Mufakahat Al-Khillan fi Rihlat Al-Yaban (Laughing with the Fellows on the Way to Japan), Youssef El-Qa'id, Cairo: Dar Al-Shurouq, 2001. pp317
This book is a record of a month's stay in Japan in 1993 by Egyptian novelist Youssef El-Qa'id. Invited by the Japan Foundation to spend a month in the country touring Japan's cities and countryside, El-Qa'id places the accent on the advanced state of Japanese industry and the differences between Japanese culture and the rural Egyptian culture in which he grew up. Inexplicably, the book has apparently languished unpublished since 1995, when, according to the "Introduction," El-Qa'id completed it.
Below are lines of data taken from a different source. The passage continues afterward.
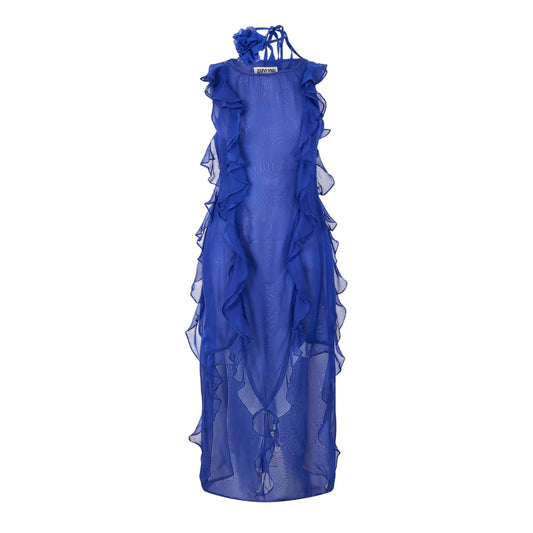 Blue - Front - AmyLynn Womens-Ladies Ruffled Halter Neck Maxi Dress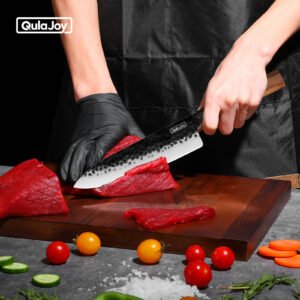 Qulajoy 7 Inch Santoku Knife: Professional Japanese Chef Knife with Razor Sharp 9cr18mov Blade and Octagonal Rosewood Handle - Hammered Kitchen Knife with Sheath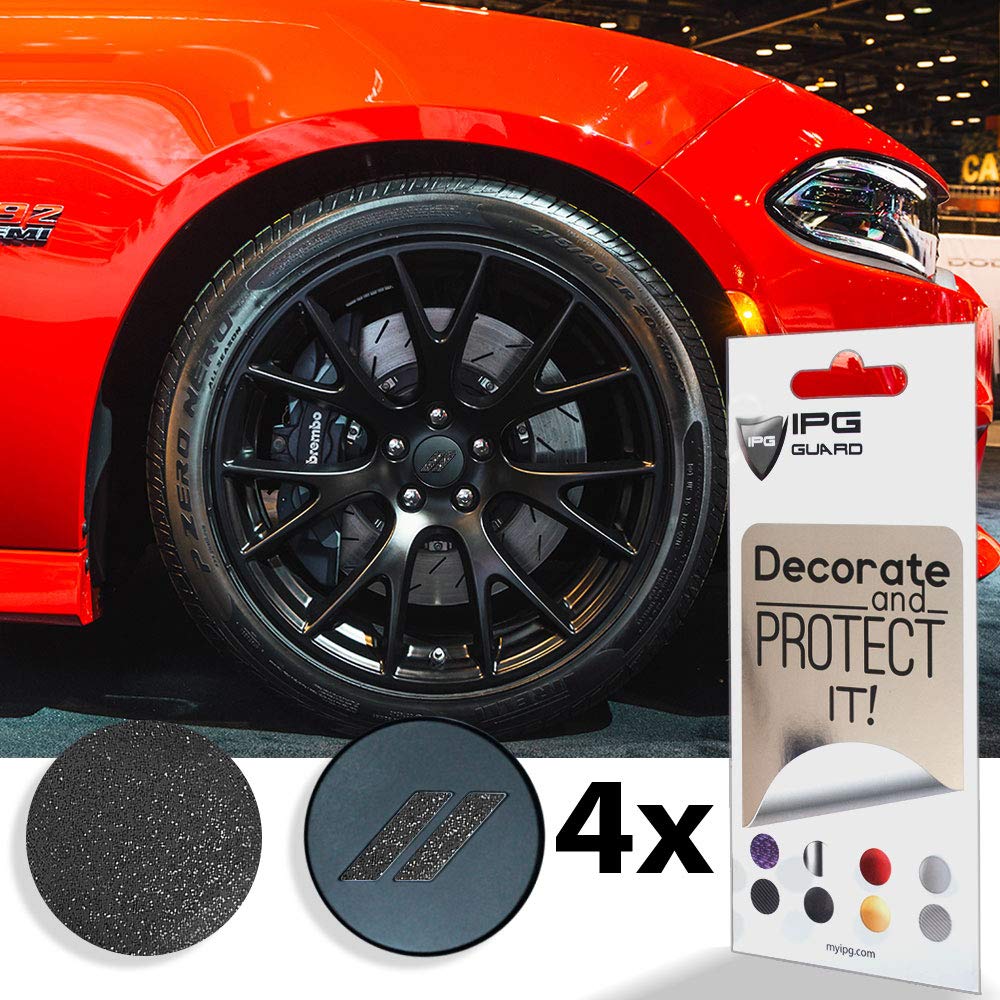 IPG Compatible for Dodge Charger Challenger Durango Wheel Center Cap Decal Sticker Wrap Kit Personalize Your Vehicle (Inner Logo, Black Glitter)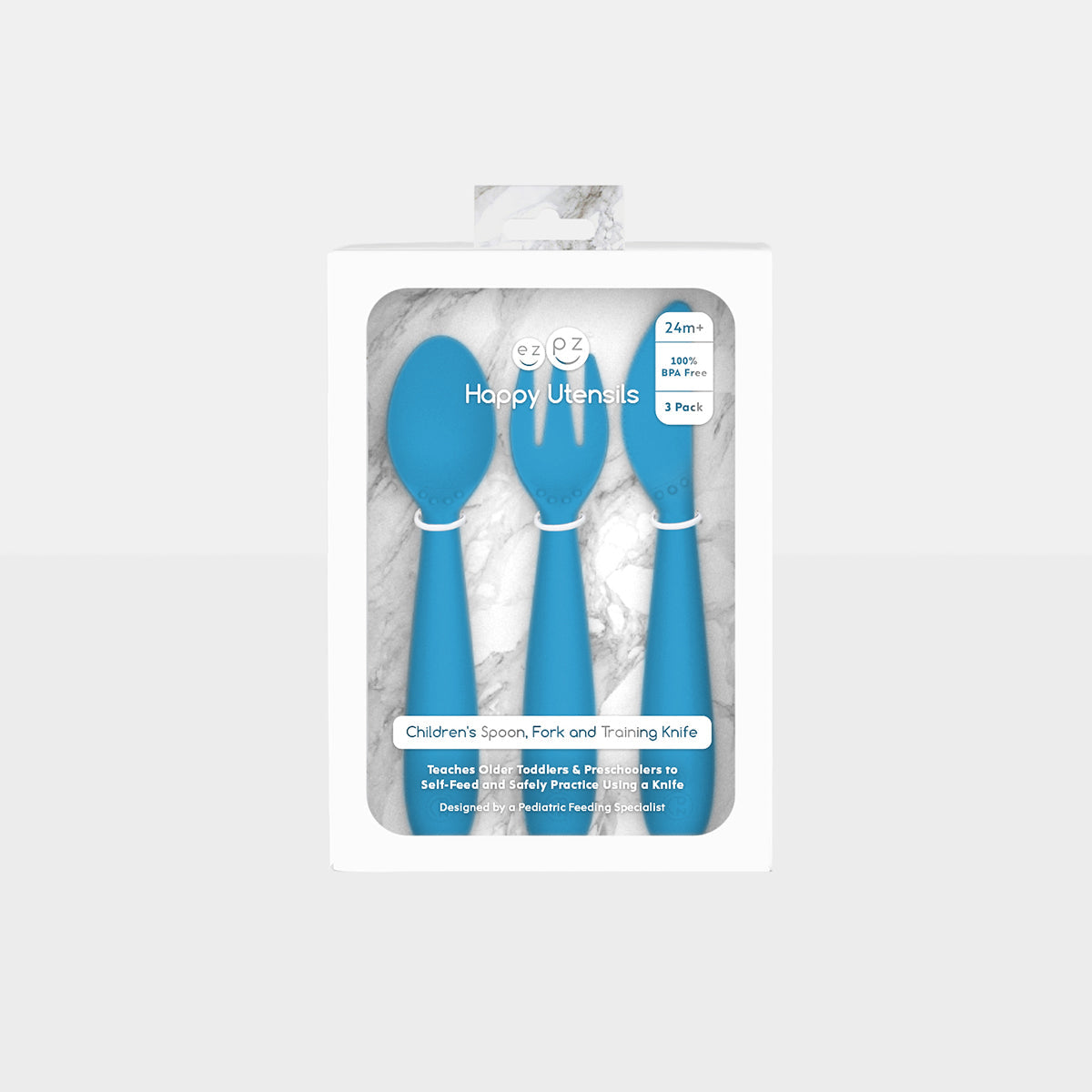 Happy Utensils in Blue by ezpz / Silicone Spoon, Fork and Knife Set for Kids #color_blue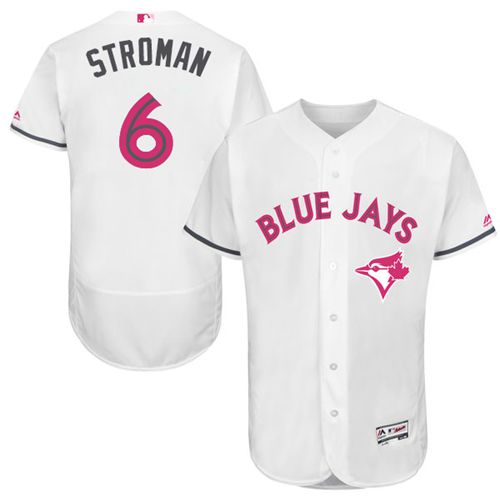 Blue Jays #6 Marcus Stroman White Flexbase Authentic Collection Mother's Day Stitched MLB Jersey - Click Image to Close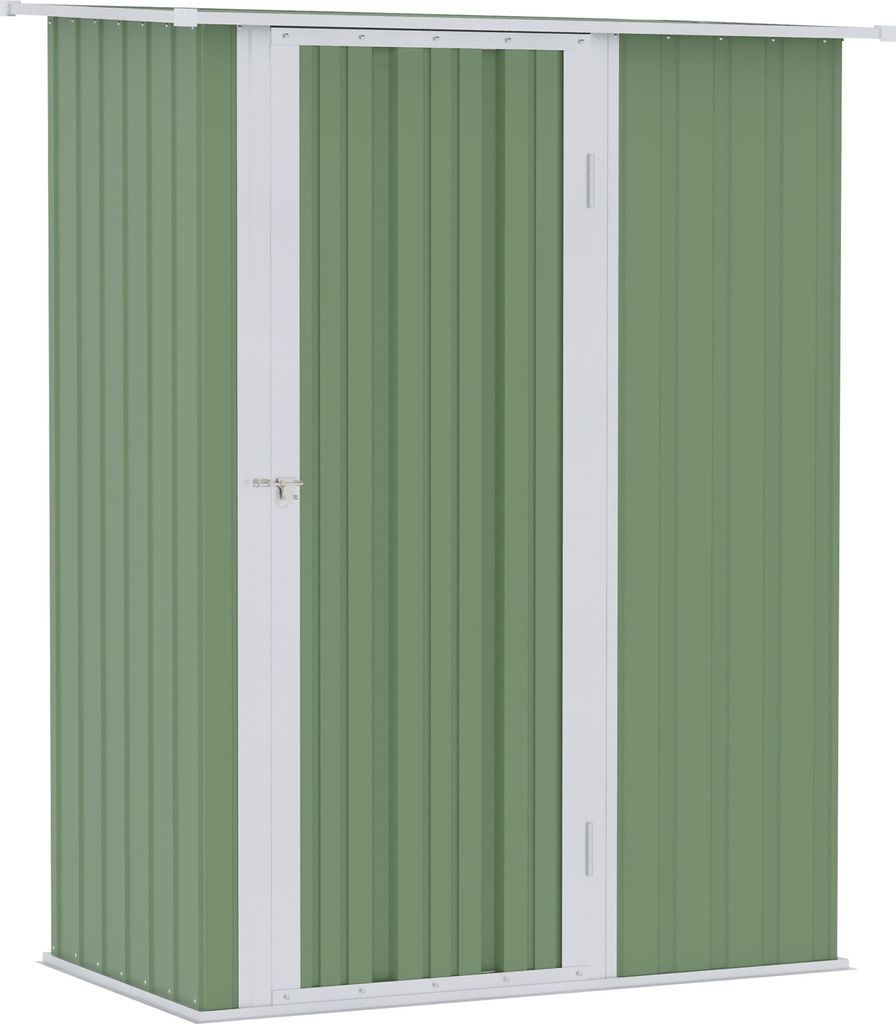 Gerätehaus Gartenhaus Geräteschuppen mit Tür Outdoor Stahl Grün 142 x 84 x 189 cm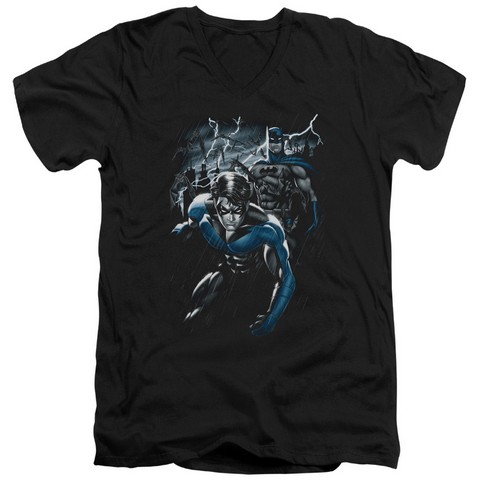 Batman-Dynamic Duo - Short Sleeve Adult 30-1 Tee - Black, 2X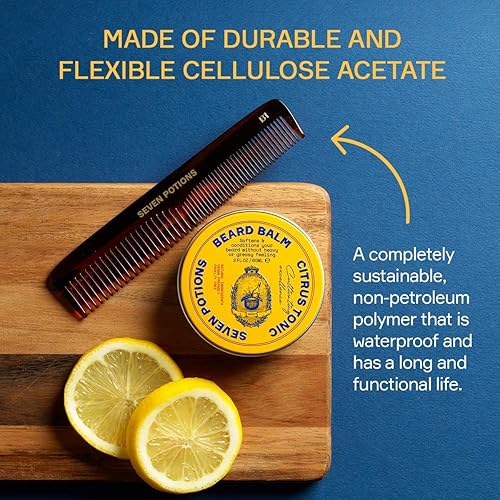 Miniatura 10 de Peine para el cabello para hombres de 7.1 pulgadas, dientes finos y gruesos para cabello, barba y bigote hecho a mano y corte de sierra (peine para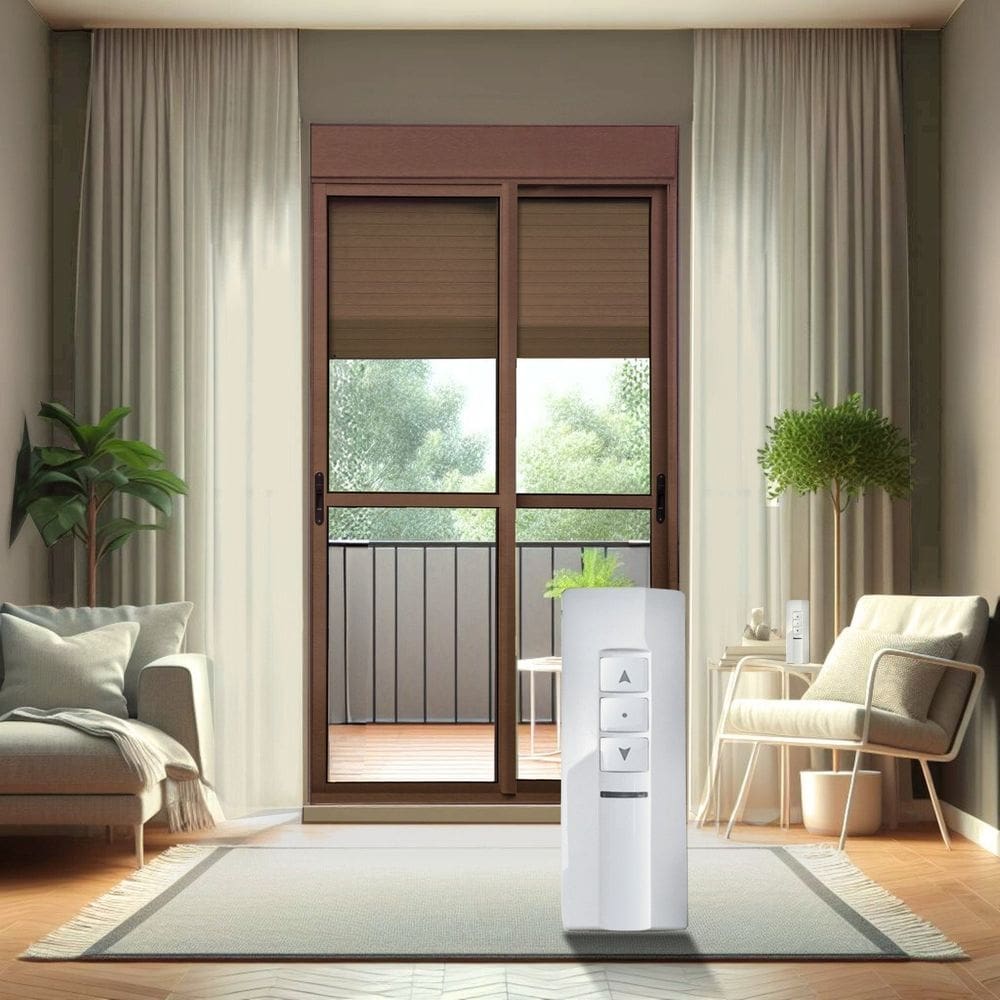 Porta de Correr com Persiana integrada Correr com Motor e Controle Remoto 2 Folhas Móveis 230 X 200 Corten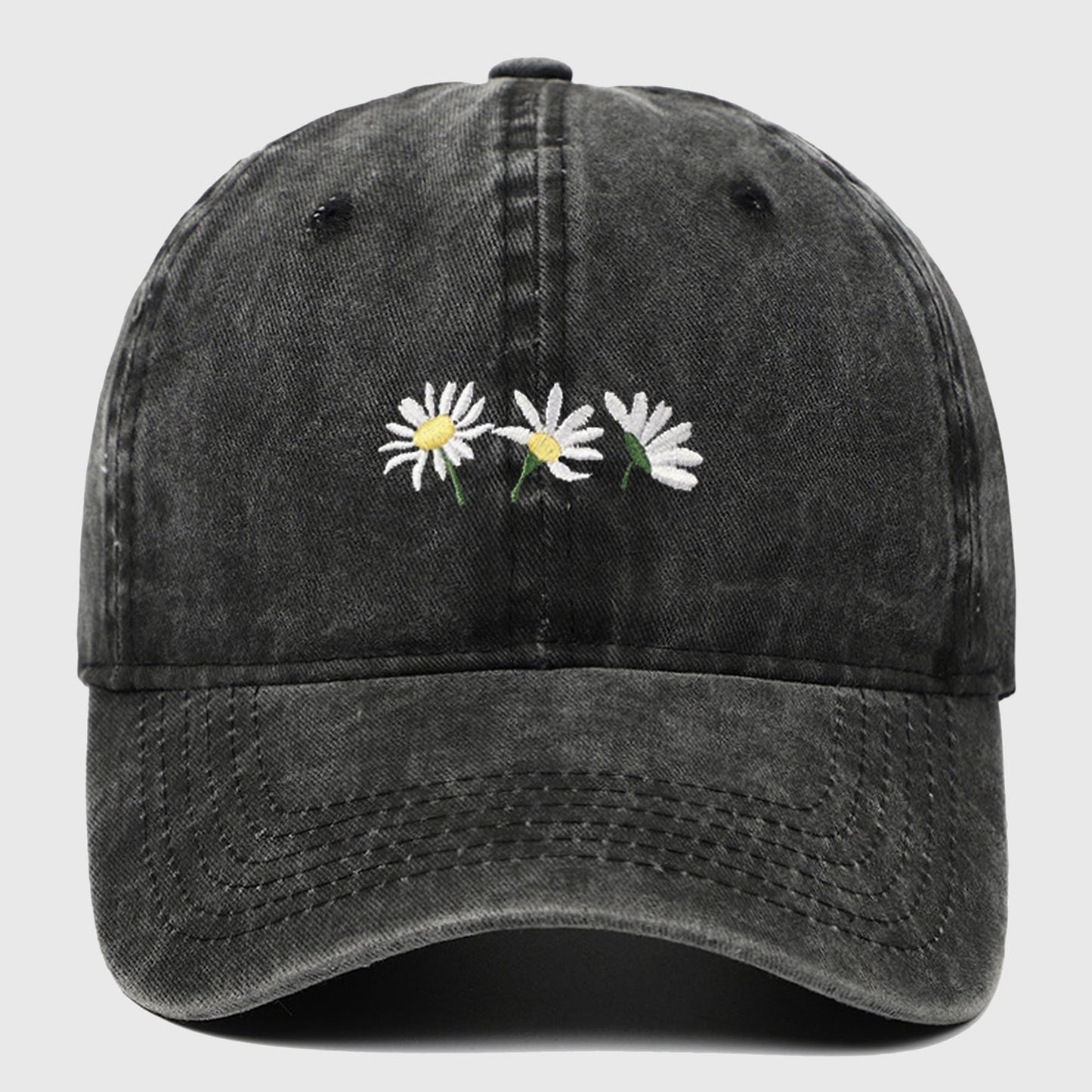 Anna-Kaci Women's Vintage - Washed Baseball Cap with Daisy Embroidery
Fi Sabah Jamil Kahadha (On a Beautiful Morning such as this), Farid Abu-Se'da, Cairo: General Egyptian Book Organization, 2001. pp158
The 21 poems making up this volume of poetry by Farid Abu- Se'da have been selected from five collections published between 1995 and 1997, and according to the poet they have been chosen to reflect the essential features of his style. Thus far, Abu-Se'da has published eight collections of poetry, as well as three plays, in all of which he had shown a desire to invoke, and then to subvert, past poetic traditions.
Min Al-Tadakhul ila Al-Tafa'ul Al-Hadari, (From Sociocultural Interference to Cross-cultural Interaction), Magdi Youssef, Cairo: Al-Hilal Book, Dar Al-Hilal, 2001. pp391
This valuable book, published by the prestigious monthly books series of Dar Al-Hilal Publishing House, and written by the renowned culture critic Magdi Youssef, deals with the challenges globalisation posits for Third World countries. The main concern of the book is how people of the Third World could be not merely consumers of knowledge but also producers. It is divided into three sections; the first dealing with theoretical approaches to the dialectics of the self and the other in the present time, the second attempts an application of the theory elaborated in the first section on selected works of literature and art. The final section engages in critical debates with a number of well-known figures in Arab culture.